Oggi è stata una giornata di riflessione e di amarezza perchè ciò che sta succedendo nel Tibet non può che intristire oltre che indignare. Ma c’è un altro fatto al quale non riesco a non pensare e che fa aumentare il mio dispiacere: trent’anni fa Aldo Moro veniva rapito dalle Brigate Rosse, che quel giorno uccisero gli uomini della sua scorta. Era il 16 marzo del 1978.
Ho rivisto oggi, ancora una volta, quelle fotografie terribili di tanti anni fa. E come allora, mi sembrano sconvolgenti. Ancora mi chiedo, guardandole, come possa aver vissuto Moro il periodo antecedente la sua morte, cosa possa aver provato dentro di sè, indipendentemente da ciò che è stato scritto.

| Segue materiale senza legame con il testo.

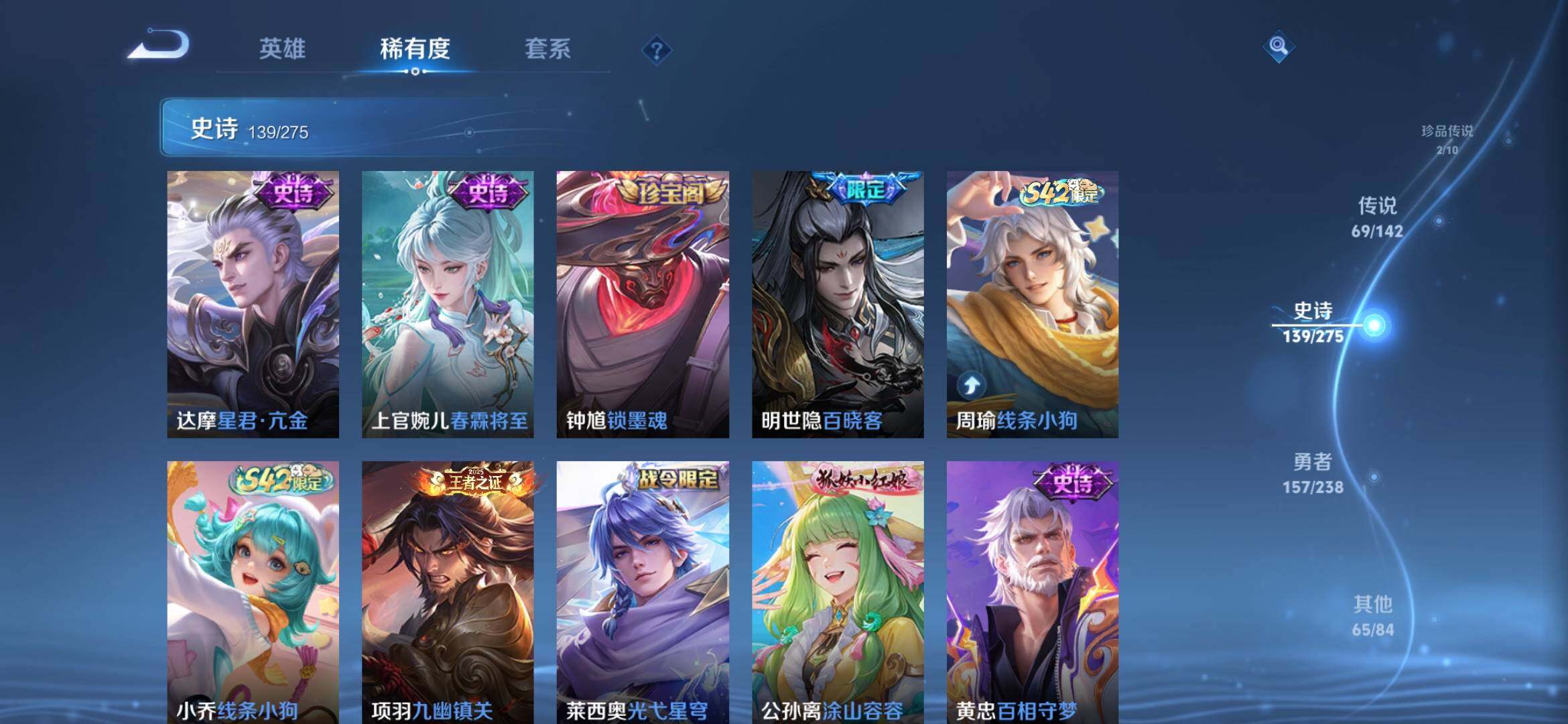 WZQM4274744王者荣耀账号详情图15 WZQM4274744王者荣耀账号详情图15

L’angoscia di un uomo solo, che per quanto coraggioso e fermo nei principi nei quali credeva profondamente, era comunque un uomo, quindi con limiti e debolezze. La paura di dover rinunciare alla vita da un momento all’altro, le probabili costrizioni e i divieti, le minacce, la solitudine dei momenti più bui e più incerti, il ricordo della famiglia in pena per la sua sorte, e forse l’abbandono rassegnato in quel Dio in cui credeva fermamente.
Quante notti insonni nel rivivere il momento del sequestro e la morte dei cinque uomini della sua scorta! L’incertezza del non sapere quale sarebbe stata la sua sorte.
Non mi viene da pensare allo statista, all’onorevole Aldo Moro, questo è compito dei politici e sarà compito degli storici, mi viene da pensare all’uomo, al padre, al marito.
Questa mattina ho sentito l’intervista fatta alla figlia, che, da figlia, ha risposto al cronista che le chiedeva che cosa ricordasse di lui. Ricordava il padre quando, da piccola, la teneva per mano, le raccontava le storie, l’affiancava nel suo percorso di crescita. E non poteva essere diversamente.
Ecco, questa sera, io ricordo Aldo Moro, indipendentemente dalle idee, che si possono condividere oppure no, ne ricordo la morte con rammarico, perchè è intollerabile accettare, senza opporsi, qualsiasi tipo di ferocia, di ingiustizia, di mancanza di rispetto verso un altro uomo, che è un nostro simile!